Alors que l’ATP a évoqué l’idée d’une Coupe du Monde par équipes pour ouvrir la saison en Australie, l’ITF, elle, voudrait réformer la Coupe Davis pour en faire une épreuve reposant sur un principe équivalant : toutes les équipes regroupées en un même site sur une durée d’environ dix jours, fin novembre. Au-delà de l’abandon du format actuel de la Coupe Davis (mais j’y reviendrai), on pourrait donc se retrouver avec deux épreuves quasi identiques, l’une fin novembre en Asie, la deuxième début janvier en Australie. Bonjour la cohérence. Chacun fourbit donc ses armes.

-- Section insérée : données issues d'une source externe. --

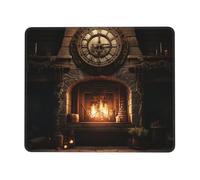 The Ancient Magic Furnace - Alfombrilla de mouse de varios tamaños para oficina, estudio y juegos, con fuerte adherencia y superficie gruesa y cómoda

L’ITF s’appuie sur le groupement d’investisseurs Kosmos, où sont associés le géant du e-commerce japonais Rakuten et le footballeur Gerard Piqué (Rakuten est le sponsor maillot du FC Barcelone, le club du joueur espagnol), prêt à débourser trois milliards de dollars sur 25 ans pour soutenir cette Coupe Davis revisitée. Précisons par ailleurs que Kosmos avait préalablement toqué à la porte de l’ATP… Passons. Une question : quel joueur aura envie de repartir en Asie fin novembre alors que les dernières étapes du circuit ATP se déroulent en Europe ? La défense des couleurs nationales a ses limites, à mon avis. Les chèques proposés aux nations ou aux joueurs vont devoir être très conséquents.

Le projet de l’ATP offre trois atouts majeurs : sa date (avant l’Open d’Australie), son lieu (l’Australie, la Fédération australienne voulant fortement s’impliquer) et des points ATP (1000 aux participants qui remporteraient tous leurs matches). Et repose sur une meilleure proximité avec les joueurs via l’ATP Player Concil.

Je ne sais pas comment ce combat de coqs ou cette course contre la montre (« eh, c’est moi qui ai monté mon événement en premier ! ») va se terminer. Il va de soi que l’éventuelle cohabitation de ces deux événements n’aurait aucun sens et serait totalement illisible pour le grand public. Cela dit, comme l’ATP et l’ITF ont déjà montré leur talent pour arriver à ne pas s’entendre, nous ne sommes pas à l’abri d’un accident industriel. En quelques mois, cette veille dame légendaire qu’est la Coupe Davis vient d’apprendre qu’elle doit subir un drôle de lifting et qu’elle pourrait se retrouver en concurrence avec une jeunette. Sale période, vraiment…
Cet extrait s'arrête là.